Am gestrigen 29. Juli kommentieren sowohl der Leiter des Zentralkommandos (C.E.N.T.C.O.M.), Joseph Votel, als auch der Leiter des zentralen U.S.-Geheimdienstebüros (Director of National Intelligence), James Clapper, beim jährlichen Familientreffen der Terrorkriegs-Lobby im Aspen Institute (Aspen Security Forum) die Verhaftungen und Entlassungen hunderter hochrangiger Militärs in der Türkei öffentlich (1, 2).
Geheimdienstleiter Clapper konstatiert, dass „alle Bereiche des Nationalen Sicherheits-Apparates“ betroffen und „viele „Gesprächspartner abgeführt oder verhaftet“ seien:
„Keine Frage, dass dies unsere Kooperation mit den Türken zurückwerfen wird.“
In Deutschland titelt die „Bild“:
„US-Geheimdienst besorgt: Erdogans „Säuberungen“ helfen ISIS“
Zentralkommando-Leiter Votel wiederum äußert sich beim Aspen-Treffen „besorgt über die langfristigen Auswirkungen“ der Verhaftungen. Zugleich konstatiert er, dass einige der verhafteten türkischen Offiziere eng mit den U.S.-Stellen zusammengearbeitet hätten, beim vermeintlichen Krieg gegen die Milizen „Islamischer Staat“ / „I.S.I.S.“ / „I.S.I.L.“, etc, in Syrien und Irak und dass dieser Krieg dadurch gefährdet sei. Votel wörtlich:
„Wir hatten sicherlich Beziehungen mit vielen türkischen Führern – militärischen Führern im Besonderen. Ich bin besorgt darüber, was die Auswirkung auf diese Beziehungen ist, während wir fortfahren.“
Votel, steil aufgestiegen vom Leiter des Kommdos für Sonderoperationen (S.O.C.O.M.) zum Leiter des Zentralkommandos, hatte sich im Mai unter Begleitung von diverser U.S.-Presse zu einem Besuch in den eroberten Teil Syriens begeben – wir fragten diesbezüglich, ob zu „geheimer Vorbereitung für einen bevorstehenden Coup“.
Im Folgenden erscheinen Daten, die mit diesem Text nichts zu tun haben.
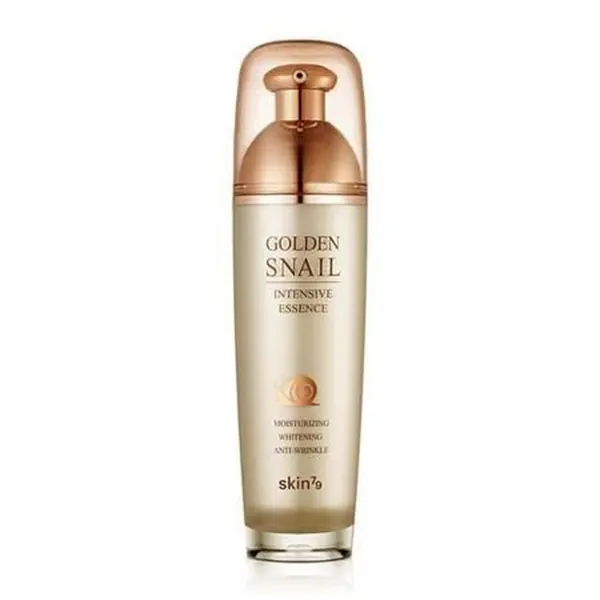 SKIN79 Golden Snail Intensive Essence 40ml - EmpressKorea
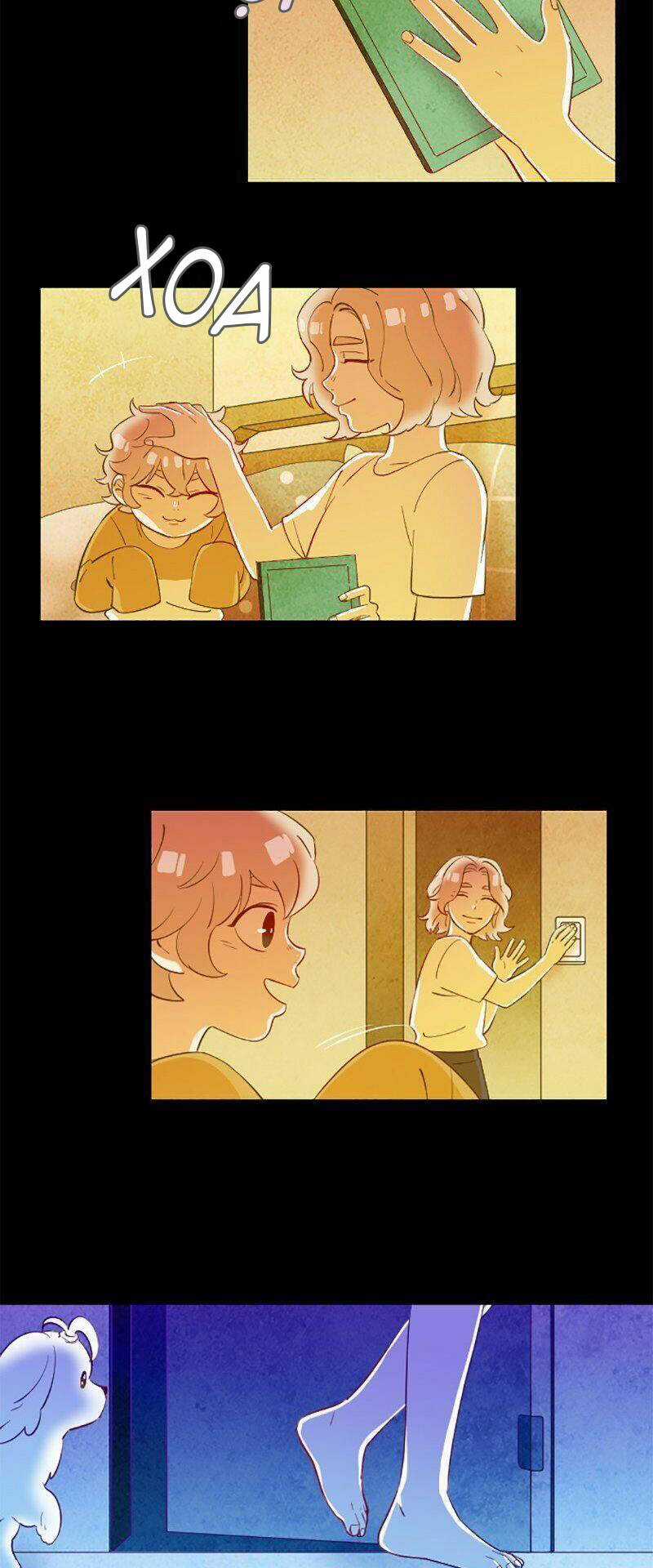 Ma Kể Chuyện - Chapter 35 - Trang 31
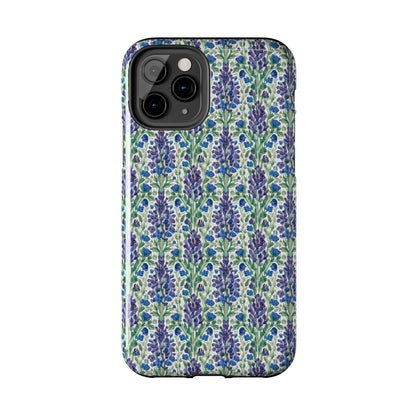 Bluebonnet Phone Case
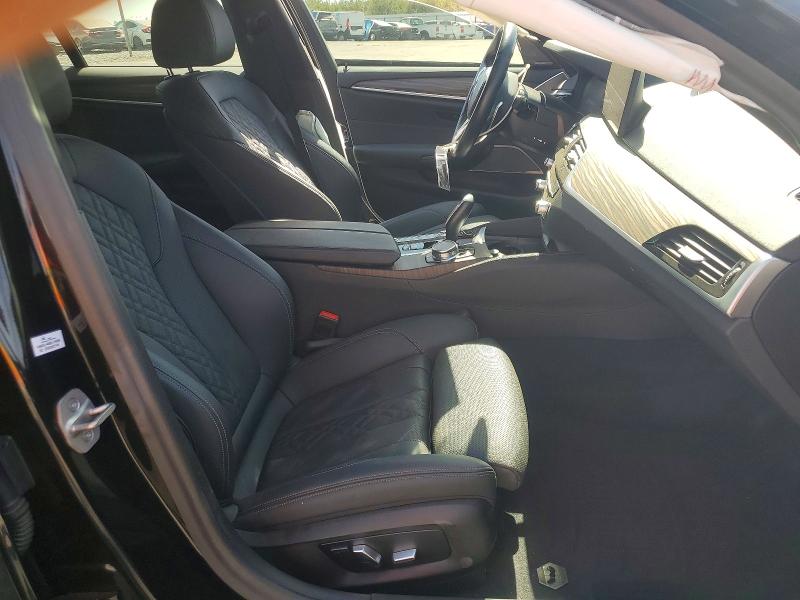 Aukcja sprzedaży 2023 Bmw 540, vin: WBA53BJ02PCL22569, numer aukcji: 65935616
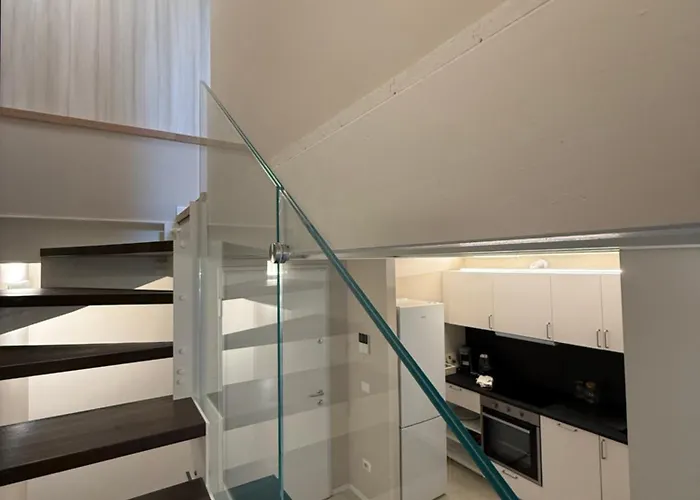 Appartement Loft 83 *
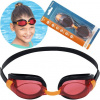 Bestway 21005 / 23 plavecké okuliare Junior Unisex (21005 CZ)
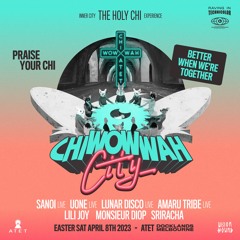 Chi Wow Wah City, ATET (Melbourne)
Wohlgemerkt: die nun von Votel gestern im Aspen Think Tank vorgetragenen „Besorgnisse“ hat die U.S.-Militär- und Kriegslobby schon in der Nacht zum 16. Juli, als sich das Scheitern des Putsches abzeichnet. Die „Washington Post“ ändert ihre diesbezügliche Schlagzeile (vorher / nachher).
Gerade auf Votels nun fast zwei Wochen später gezielt gestartete Provokation antwortet Tayyip Erdogan, der in der Nacht des Putsches gerade noch dem Schicksal von Ägyptens demokratisch gewählten Präsident Mohammed Mursi entging, in bislang ungekannter Deutlichkeit: Zentralkommando-Leiter Votel stelle sich damit auf die Seite der Putschisten. Wer dieser General Votel überhaupt sei, was er sich einbilde.
Nicht nur für N.A.T.O.-Verhältnisse ein Präzedenzfall.
Der nach dem kleinen Gewitter nun für morgen angesetzte Besuch von U.S.-Generalstabsleiter Dunford in der Türkei kann nun als Versuch der Schlichtung und großen Versöhnung verkauft werden (das Pentagon ruderte heute schon entsprechend zurück: die Äußerungen Votels seien „mißverstanden“ worden).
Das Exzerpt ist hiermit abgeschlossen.